C

The Internship

The Internship

Product placement is one thing; building a whole movie around the glorification of a multinational corporation is something else entirely. Essentially a feature-length sponsored post, The Internship casts Vince Vaughn and Owen Wilson as middle-aged salesmen who find themselves competing against braniac college kids for a job at Google. As the film incessantly reminds viewers, the company—envisioned here as a professional paradise, where the food is free, diversity is key, and cars drive themselves—is regularly voted the greatest place to work in America. Characters go further, describing it as an “engine for change,” the “Garden of Eden,” and “the best amusement park you’ve ever been to, times a million.” If this excessively flattering farce is to be believed, Googliness is next to godliness.

Occasionally, the relentless PR campaign pauses long enough for someone to make a joke or two. Look past all the Google-gushing, and The Internship operates like a run-of-the-mill campus comedy, populated almost exclusively with archetypes: the disapproving authority figure (Aasif Mandvi, quite funny in his handful of scenes), the snooty rich-kid villain (Max Minghella, still playing students seven years after Art School Confidential), and a smoking-hot professor type (Rose Byrne) who slowly succumbs to Wilson’s aww-shucks charisma. There’s also a lovable group of underdogs—the movie’s version of a misfit fraternity—who learn to cut loose, work together, and love their older, out-of-touch teammates.

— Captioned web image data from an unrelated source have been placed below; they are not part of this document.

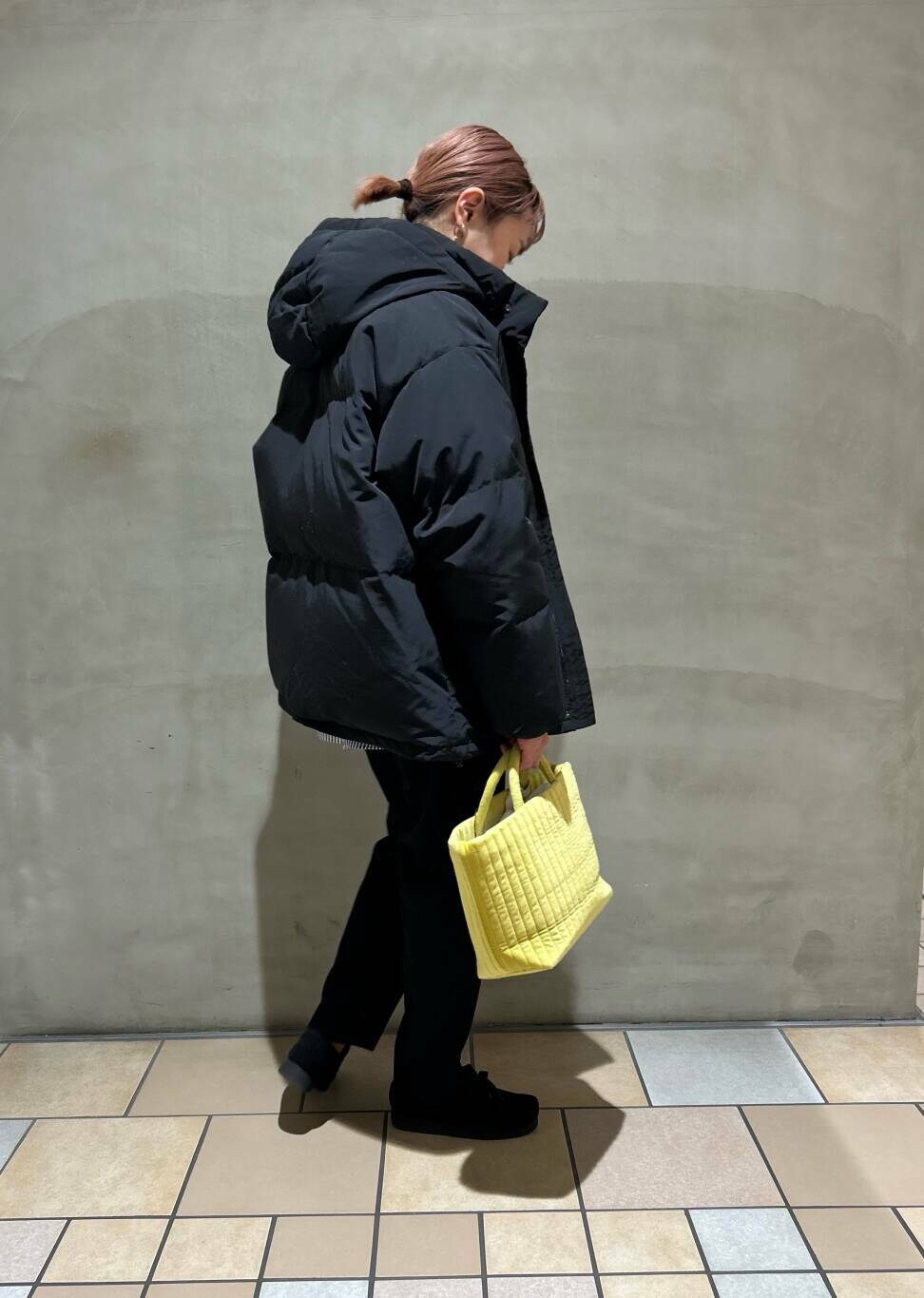 ブルー系のシャツ/ブラウス、イエロー系のトートバッグ、ブラック系のダウンジャケット/コートを着用したレディースの冬コーディネートの3枚目の写真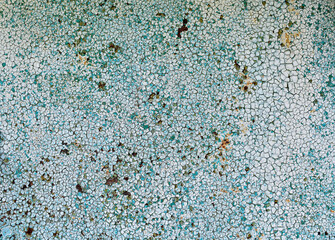 Cracked paint on a metal surface. Background.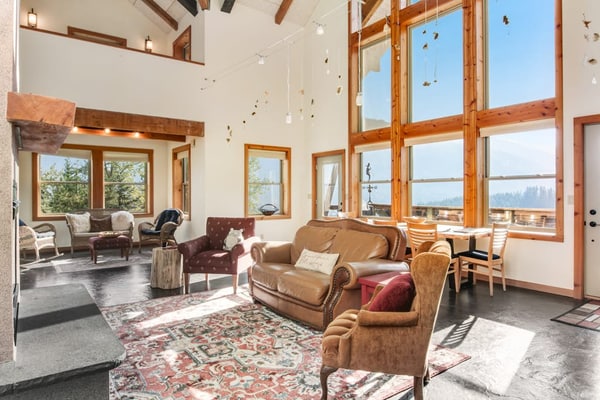 Ski-in/ski-out home with mountain-view balcony, multiple living areas, & W/D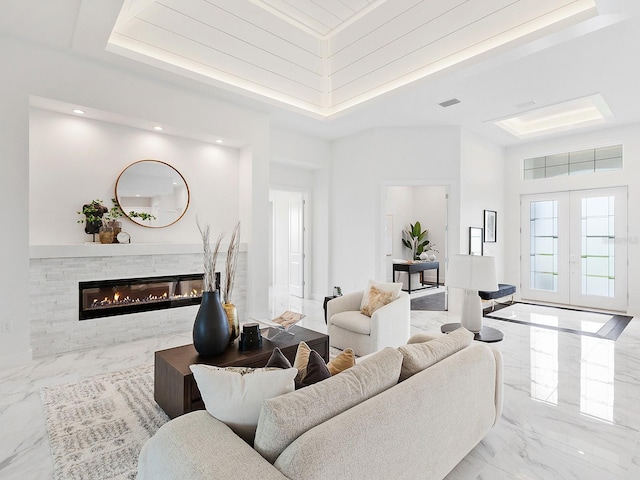 living room with a raised ceiling, a high ceiling, and french doors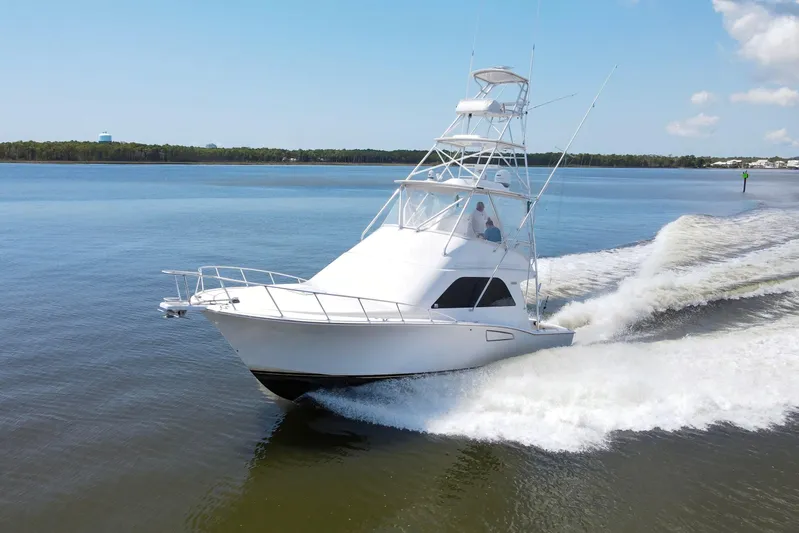  Yacht Photos Pics 2005 Cabo 40 Flybridge yacht cruising on calm waters under a clear blue sky.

Much of the supposed humor derives from the cluelessness of Vaughn and Wilson, who reference “obscure” ’80s films like Flashdance, somehow know about The Hunger Games but not Harry Potter, and say “on-the-line” instead of “online.” How do two grown men without even a passing understanding of the Internet score internships at the world’s leading web company? Basically, by telling a sob story during their interview and positioning themselves as victims of the financial collapse. After all, Google isn’t made of stone! If corporations really were people, it would be the benevolent billionaire who buys the orphanage. Or Tony Stark, glowing with gadgets but out to save the world.

As a de facto Wedding Crashers sequel, The Internship is exceptionally mild; even an impromptu strip-club visit feels SFW. Can the tameness be attributed to director Shawn Levy, tireless purveyor of bland PG-13 romps? Or did the producers not want to risk alienating the image-conscious corporation they shamelessly lionize? Either way, there’s something modestly charming about the kindler, gentler shtick the Crashers develop here. Vaughn, who’s been on asshole autopilot for about a decade, seems especially liberated by the chance to play a character so irrepressibly optimistic. (His relentless attempts to befriend Mandvi provide a few honest chuckles.) But then, the real star of The Internship is Google itself, and what a self-aggrandizing diva she is. In one final insult, the movie presents the company as a noble savior of small businesses, beating back an economic depression one sponsorship sale at a time. It’s enough to make a lifelong Googler want to switch to Bing.